→ **Assigned task**
Please return the listing below word for word, minus its pictures.

→ **Dataset section**
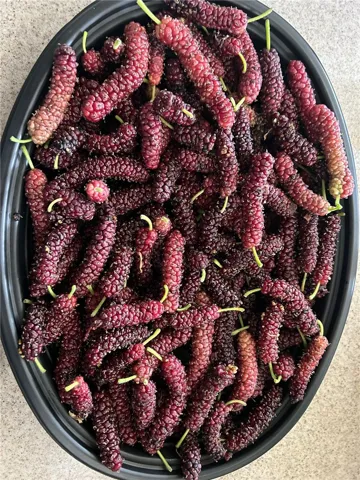Pakistan mulberry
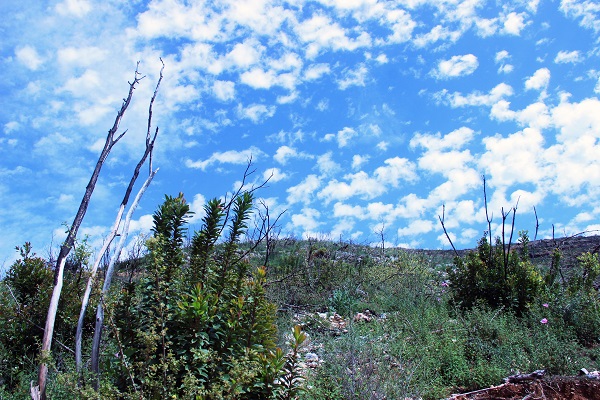 Foto - Tarihin en büyük orman yangını yaşanmıştı! Türkülere konu olan koyun son hali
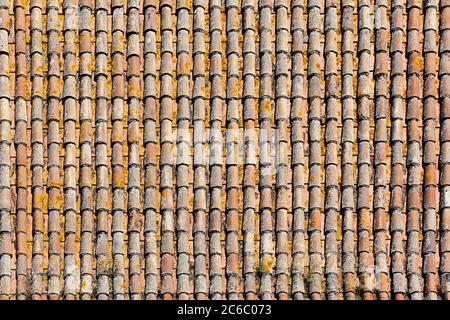 Vecchio tessuto di tegole del tetto mussoso Foto Stock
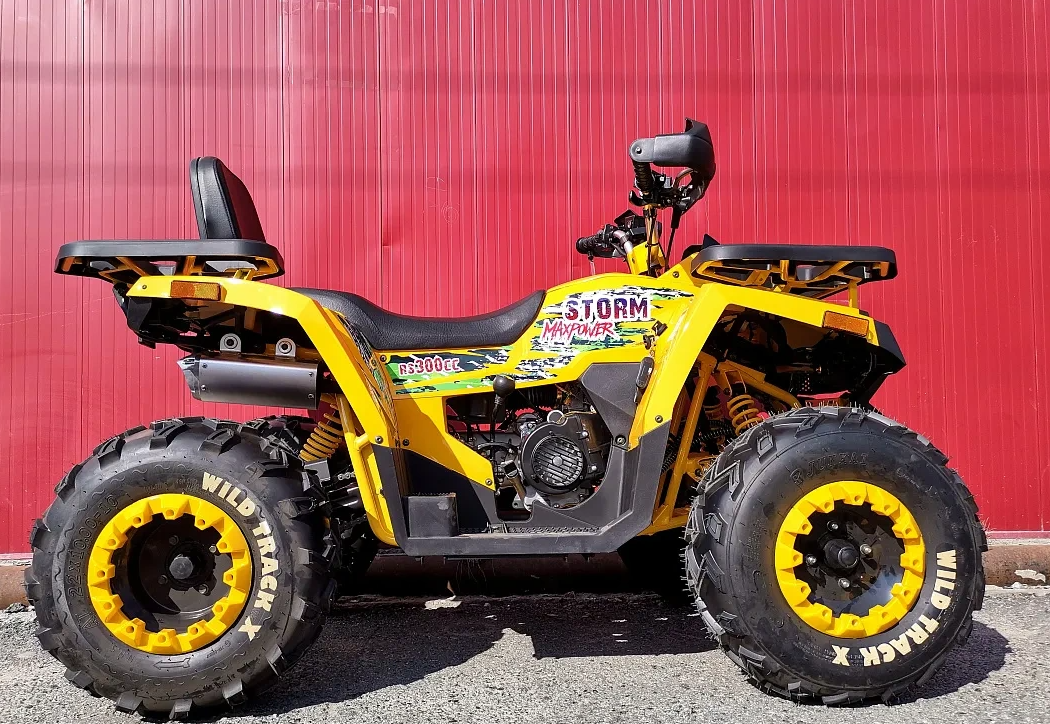 Квадроцикл PROMAX STORM 280 LUX в Красноярске Квадроцикл PROMAX STORM 280 LUX в Красноярске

→ **Answer**
Pakistan mulberry
 Foto - Tarihin en büyük orman yangını yaşanmıştı! Türkülere konu olan koyun son hali
 Vecchio tessuto di tegole del tetto mussoso Foto Stock
 Квадроцикл PROMAX STORM 280 LUX в Красноярске Квадроцикл PROMAX STORM 280 LUX в Красноярске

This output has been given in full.